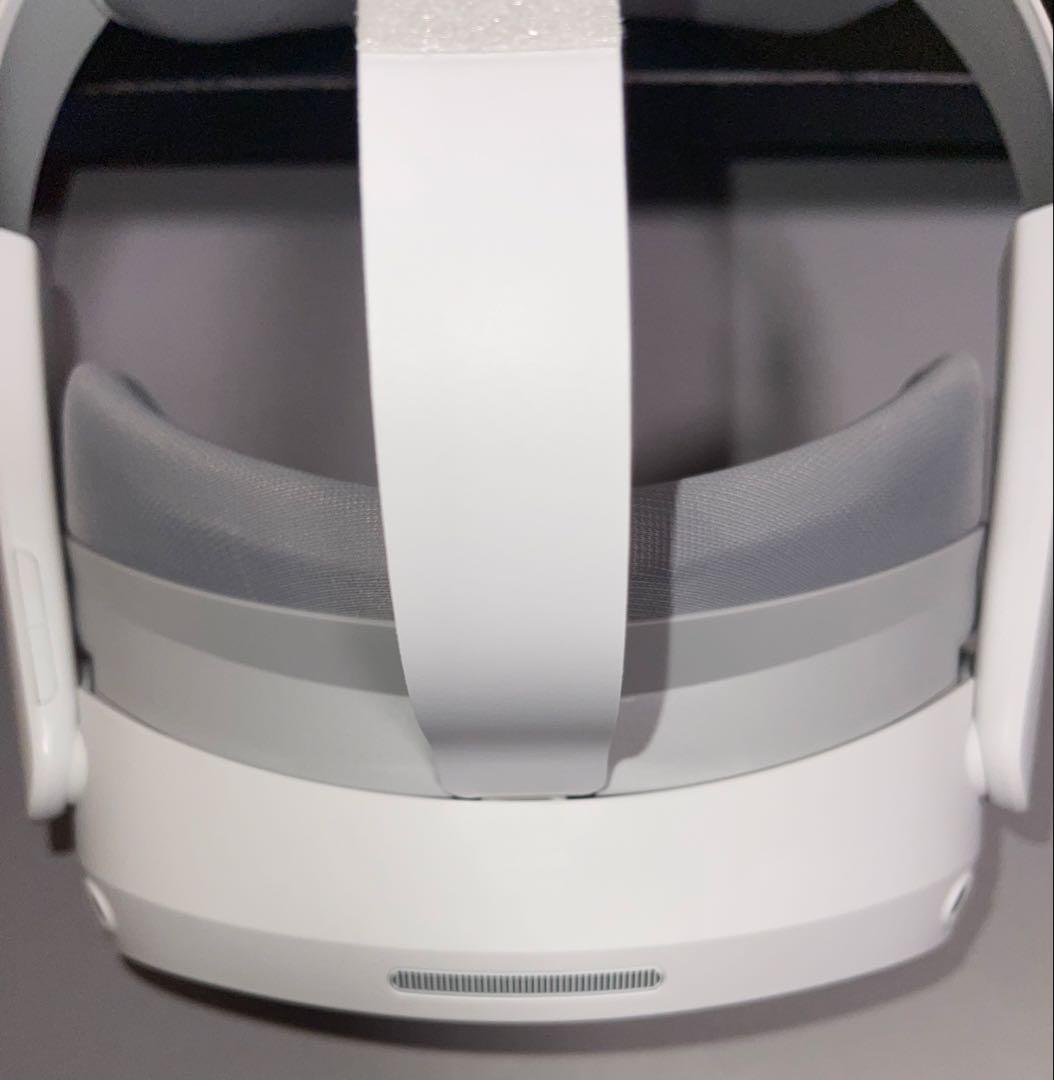 PICO 4 128G VRヘッドセット ホワイト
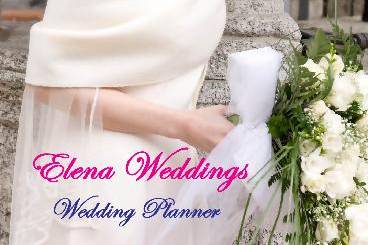 Elena Wedding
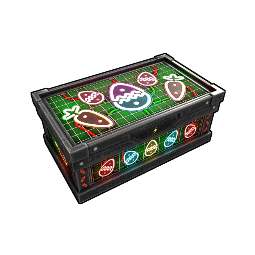 Easter Neon Large Box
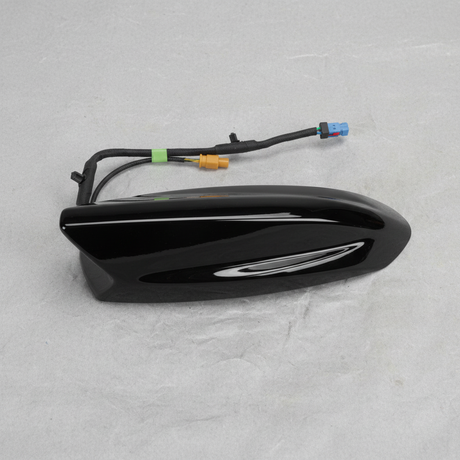 2025-2026 Buick Enclave Traverse Acadia Antenna w/o Hands-Free OEM - Macro Detail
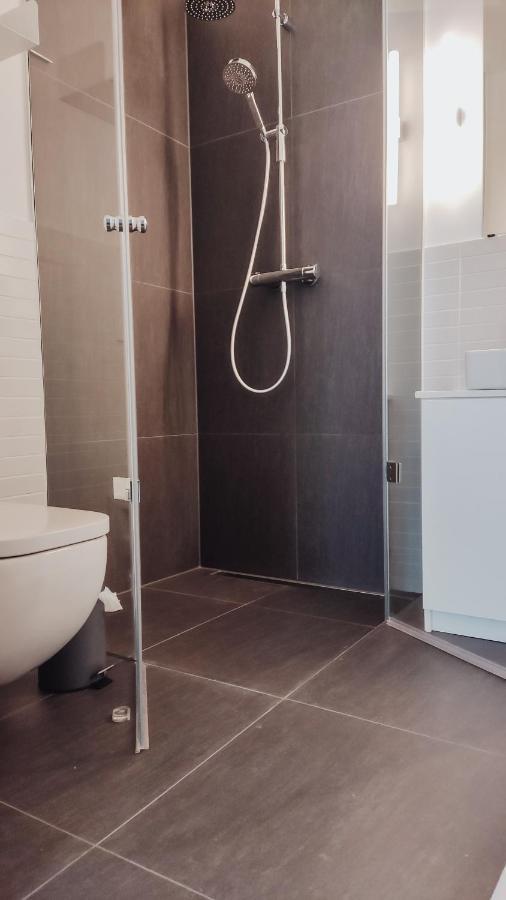 Burg 9 Boardinghouse Appartamento Düsseldorf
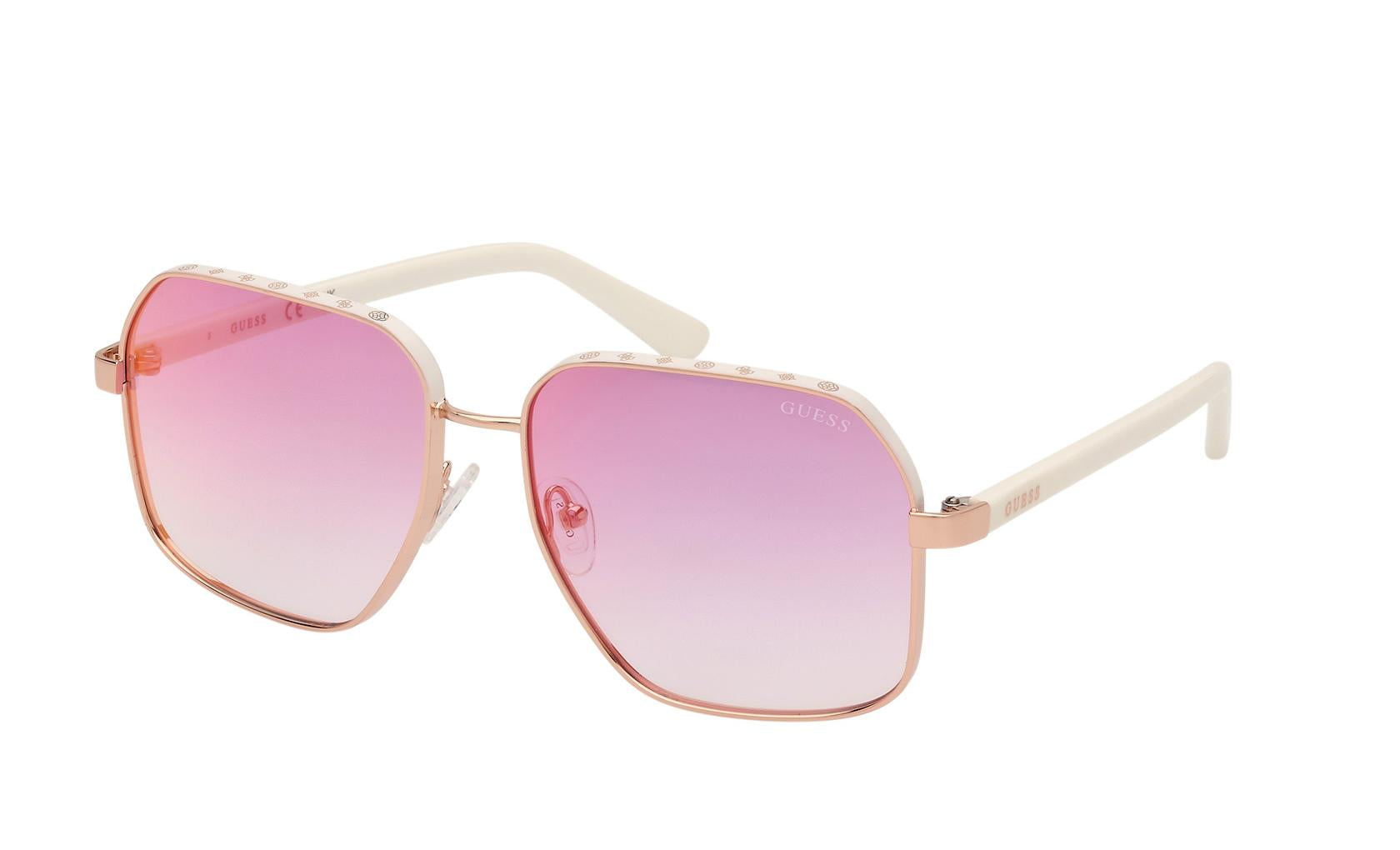 Guess Sunglasses GU00107 21Z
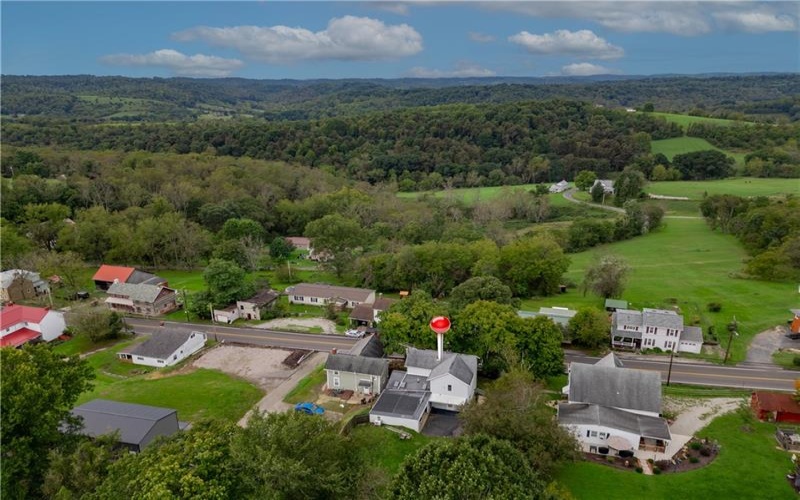 692 Amity Ridge Road, Amity, 15311, 4 Bedroom Bedrooms, ,2 BathroomBathrooms,Residential,For Sale,Amity Ridge Road,1776240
#####
Please output an exact repetition of the lines from the line containing "Elena Wedding" to the end of the records, both included, with no pictures and no additional text.

 Elena Wedding
 Easter Neon Large Box
 2025-2026 Buick Enclave Traverse Acadia Antenna w/o Hands-Free OEM - Macro Detail
 Burg 9 Boardinghouse Appartamento Düsseldorf
 Guess Sunglasses GU00107 21Z
 692 Amity Ridge Road, Amity, 15311, 4 Bedroom Bedrooms, ,2 BathroomBathrooms,Residential,For Sale,Amity Ridge Road,1776240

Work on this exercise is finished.